Furthermore, the labels provided in features.txt are not completely accurate, as the bandsEnergy() variable names are missing X, Y, and Z dimensions for 126 of the 561 variables, and features.txt also contains "bodyBody" variable names that are obvious typographical errors.
Once these data are combined, then the content from the features.txt file must be used to create variable names for the test and training data to replace the V1 - V561 variable names that are automatically assigned on reading the X_test and X_train files into R.
The lgreski/cleaningdata repository includes three files that are required to be posted to GitHub for the assignment. The files in the GitHub repository include:
| File | Description |
|---|---|
| README.md | A file in markdown format that displays when someone accesses the GitHub repository for a person's submission for the course project. The file is located at https://github.com/lgreski/cleaningdata/blob/master/README.md |
| Codebook.md | A file in markdown format that describes the variables (columns) contained in the tidy data set that must be uploaded to the Coursera website as part of the the project submission process. The file is located at https://github.com/lgreski/cleaningdata/blob/master/Codebook.md |
| run_analysis.R | An R script that contains all of the R functions used to transform the eight input data files into the required formats for steps 4 and 5 of the assignment instructions. The file is located at https://github.com/lgreski/cleaningdata/blob/master/run_analysis.R |
A fourth file, the output from step 5 listed in The Data Cleaning Task section above must be uploaded to the Coursera website as part of the assignment submission process. We have also included this file in the GitHub repository for easy reference.
| File | Description |
|---|---|
| tidydata.txt | The output file from step 5 of the course project instructions, a tidy data set that includes descriptive variable names based on the features.txt file provided by the Human Activity Recognition research team. The file is located at https://github.com/lgreski/cleaningdata/blob/master/tidydata.txt |
In selecting variable names for the data set one must strike a balance between usability in coding and ease of understanding the meaning of a variable. Once a column name is more than 15 - 20 characters in length, it becomes unwieldy for use in a coding system where we expect to be able to read the code in lines of 80 columns or less. Relative to the V1 - V561 that are automatically assigned to the X_test.txt and X_train.txt files when loaded into R, the content from features.txt (as we modified it) provides a set of relatively descriptive variable names at a variable name length that is reasonable for command line programming.
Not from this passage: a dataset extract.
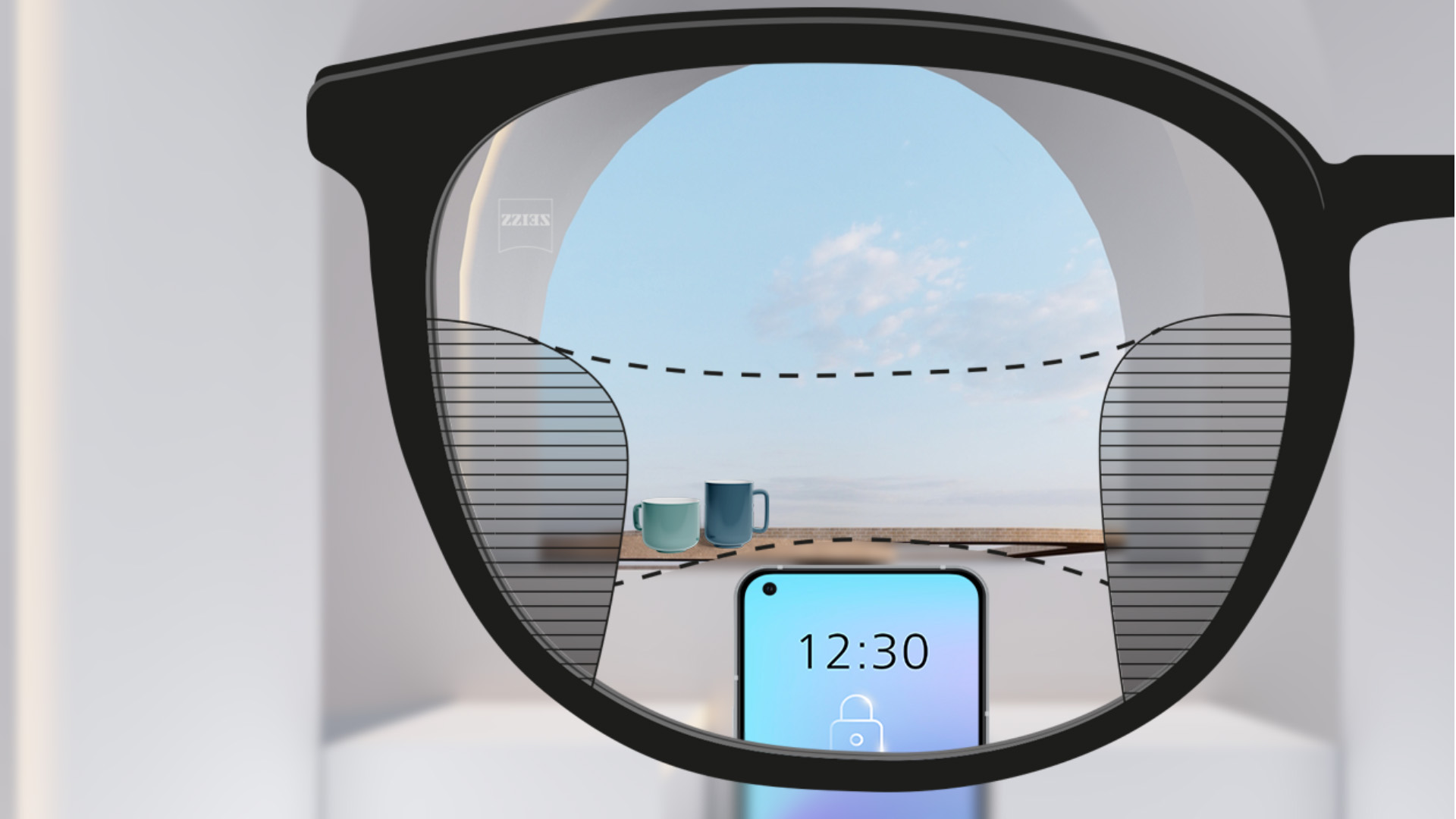 Een point of view-afbeelding met ZEISS progressieve SmartLife brillenglazen met een smartphone en kopjes op de achtergrond, terwijl het objectief volledig helder is met links en rechts smalle wazige delen.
However, the abbreviations used in features.txt are not intuitive to most of the participants in the Getting and Cleaning Data course, as evidenced by the large volume of questions on the Discussion Forum about what the variables mean. Therefore, we chose to provide detailed textual descriptions for each variable in the Codebook.md file, rather than simply expanding the variable names to include full words (e.g. Acceleration vs. Acc, Gyroscope vs. Gyro, etc.). This choice allows us to explain concepts such as Mag being the magnitude as the Euclidean norm (length of a vector from the origin of a multidimensional coordinate system) in the variable description in the Codebook, rather than trying to communicate this in a variable name.
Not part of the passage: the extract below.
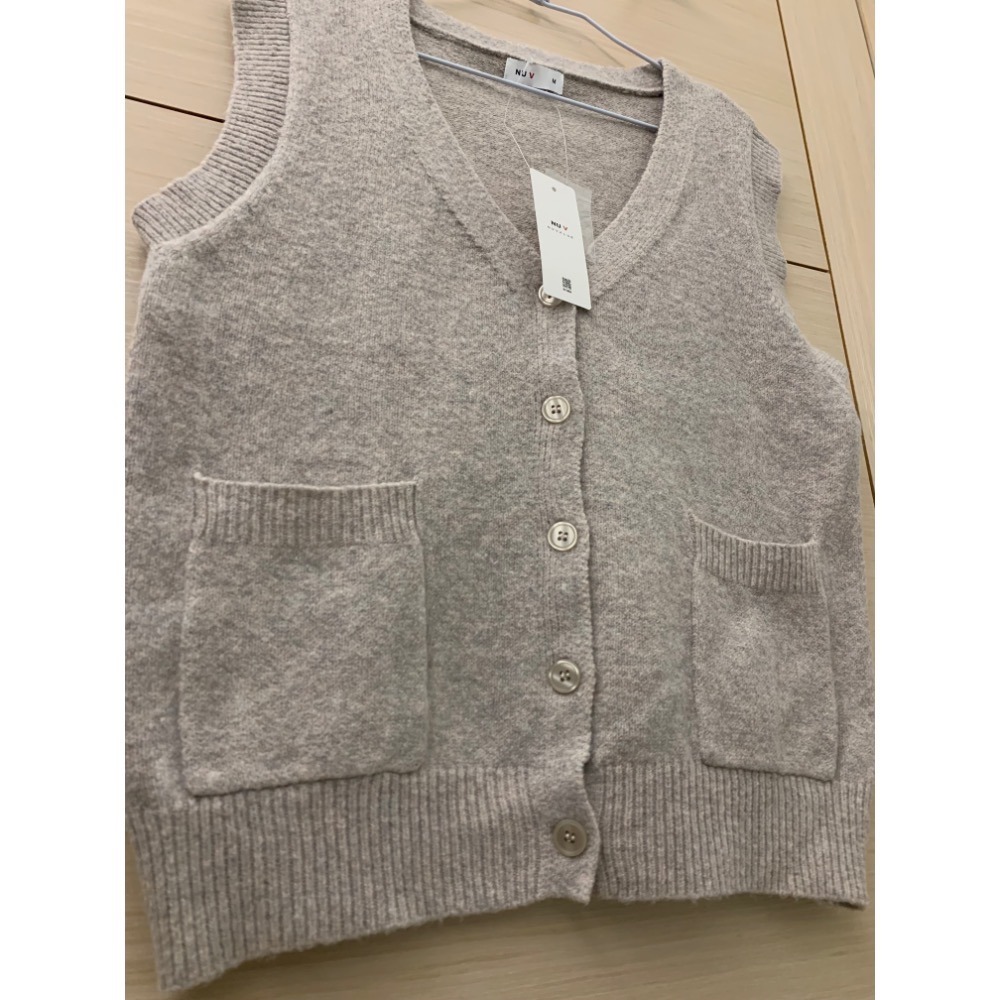 全新 NU V V領排釦開襟口袋針織毛線背心 吊牌未拆 含有羊毛-細節圖7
Requirement #5 specifies that we calculate an average for each variable in the tidy data set, grouped by person and activity. On the Discussion Forum there was a significant debate over whether we should interpret this term, average, as a mean, median, or mode. All three of these statistics are measures of central tendency, that is, they attempt to measure the center of a distribution of numbers. However, the statistic most commonly used for "average" is the mean, so we have calculated means for our tidy data set rather than medians or modes.
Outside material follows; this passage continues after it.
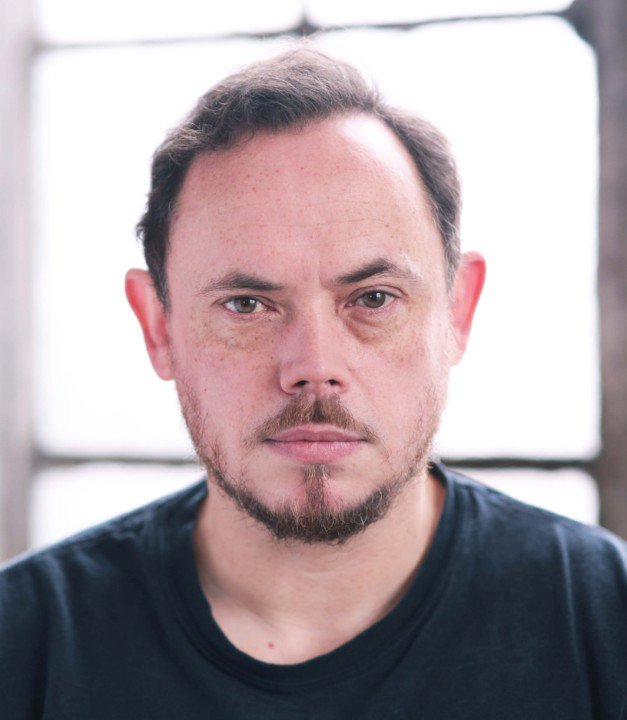 MrJamesPayton's tweet photo. My new headshot by @Schofield_John of  https://t.co/fCPZtVIYWC https://t.co/MeRde28AOm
The output file submitted for review qualifies as a tidy data set because it matches the requirements for tidy data outlined in Hadley Wickham's Tidy Data paper, including:
- Each variable forms a column,
- Each observation forms a row, and
- Each type of observational unit forms a table.
In support of requirement 1 for tidy data, each column contains one and only one variable: an average of one of 66 means and standard deviations measured among the 561 measurements derived from data collected from the smartphone.
In support of tidy data requirement 2, the output file tidydata.txt, contains 180 rows, one for each combination of person and activity. An "observation" in this file is a person / activity combination. Thirty research participants with averages across experiments within each of six activities results in a 180 row file.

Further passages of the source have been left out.